═════ RAW DATA ═════
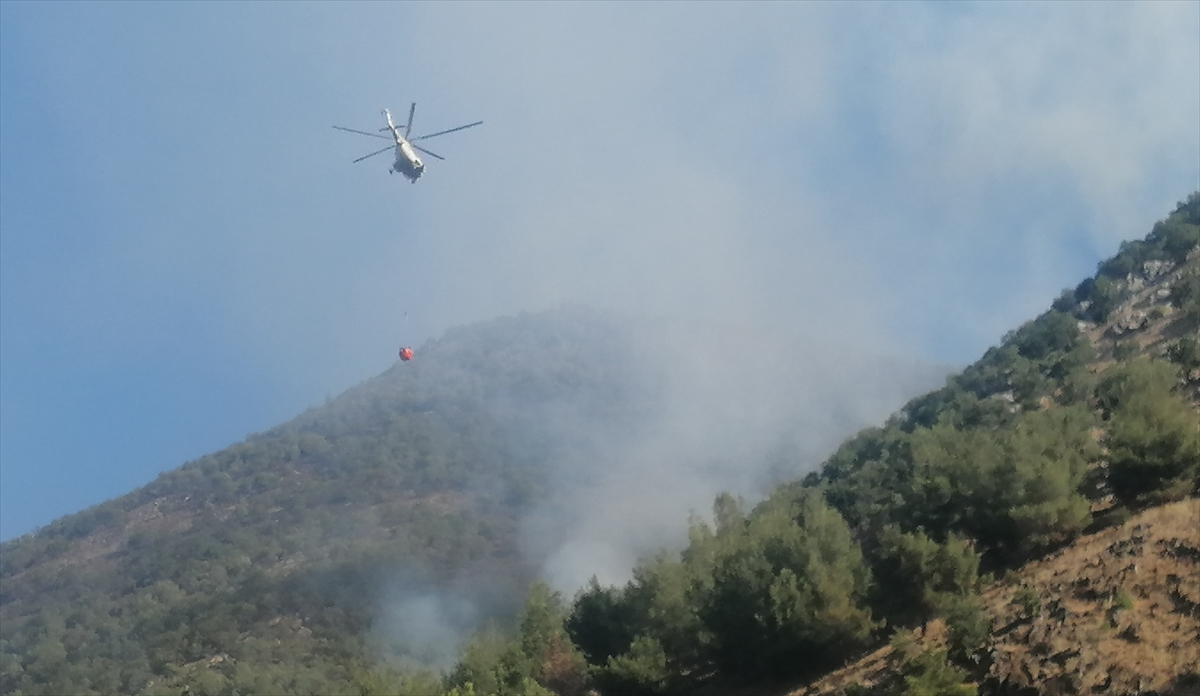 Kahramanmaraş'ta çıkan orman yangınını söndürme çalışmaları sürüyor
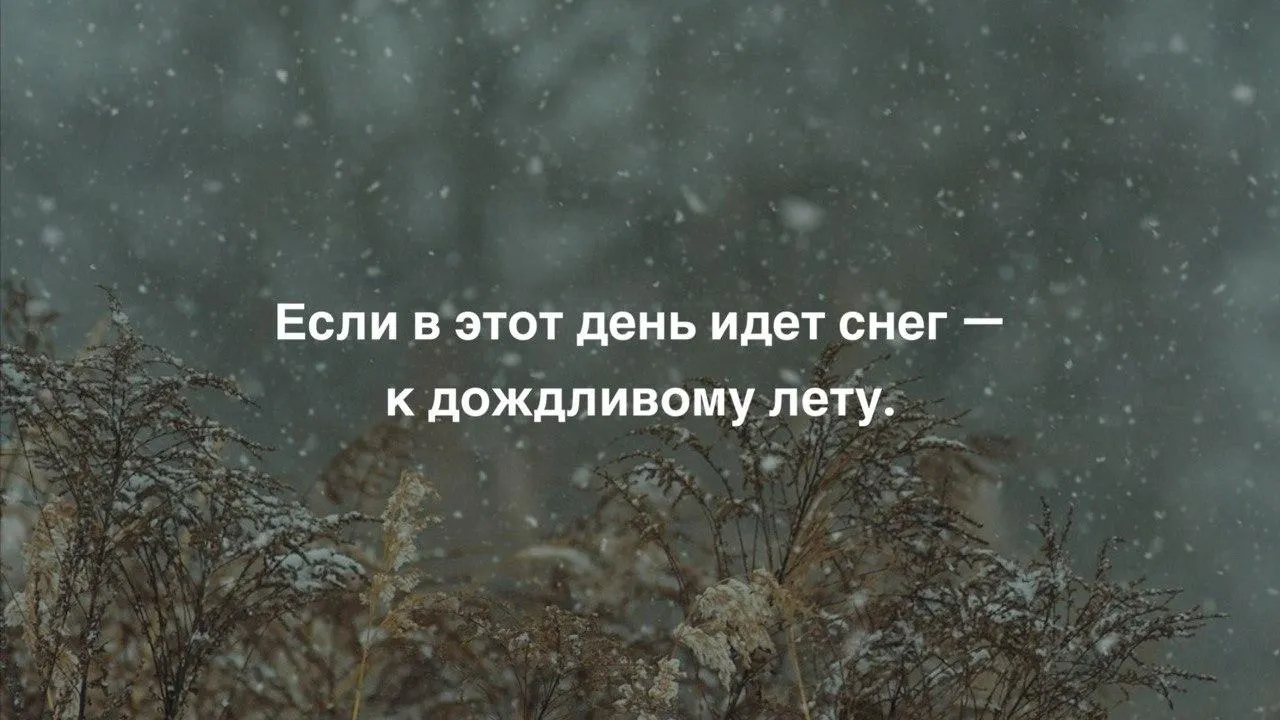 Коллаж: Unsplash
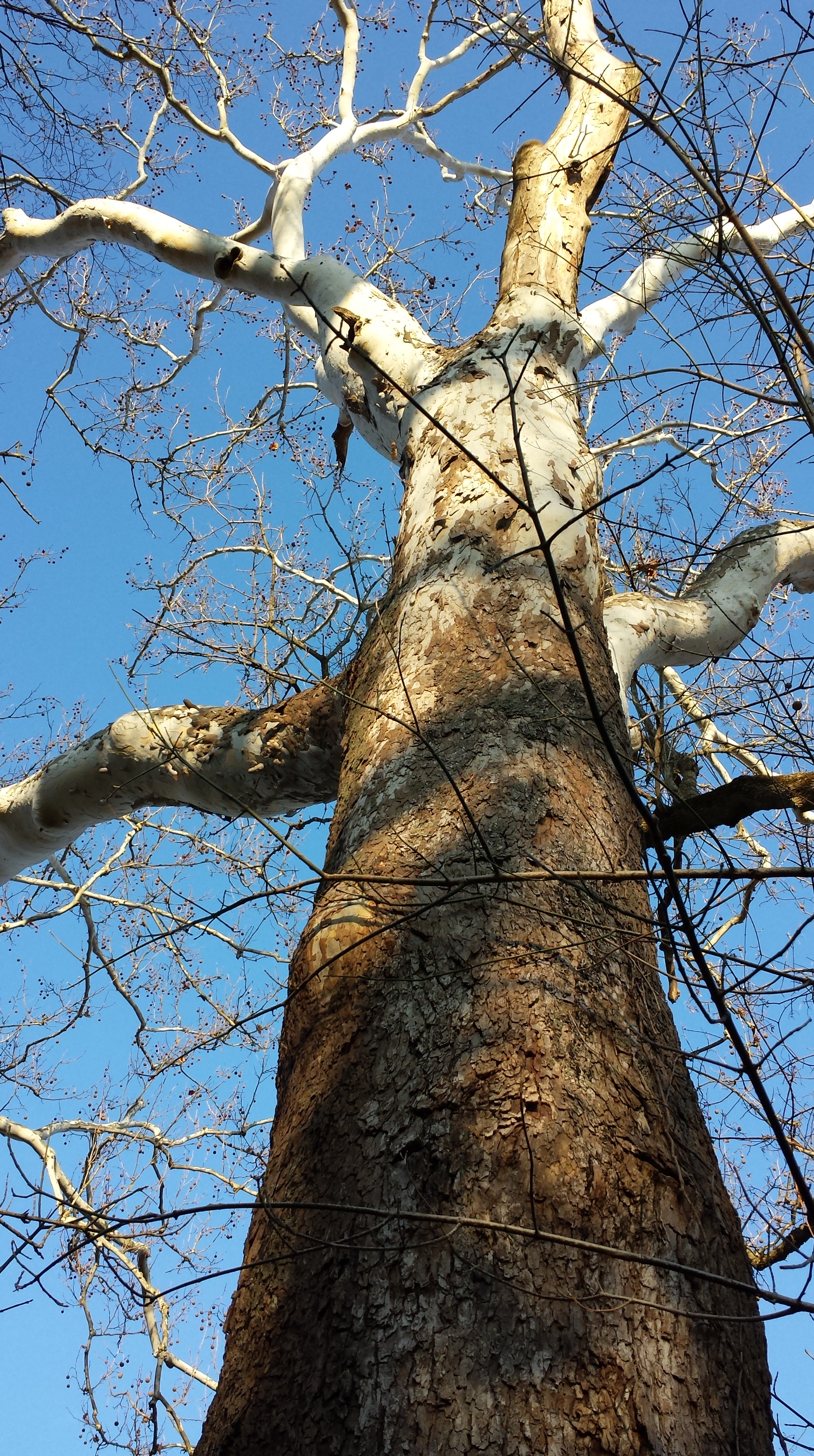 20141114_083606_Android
═════
- WHAT YOU SHOULD DO: Output all of the data above exactly; no pictures should appear.

- YOUR SOLUTION:
 Kahramanmaraş'ta çıkan orman yangınını söndürme çalışmaları sürüyor
 Коллаж: Unsplash
 20141114_083606_Android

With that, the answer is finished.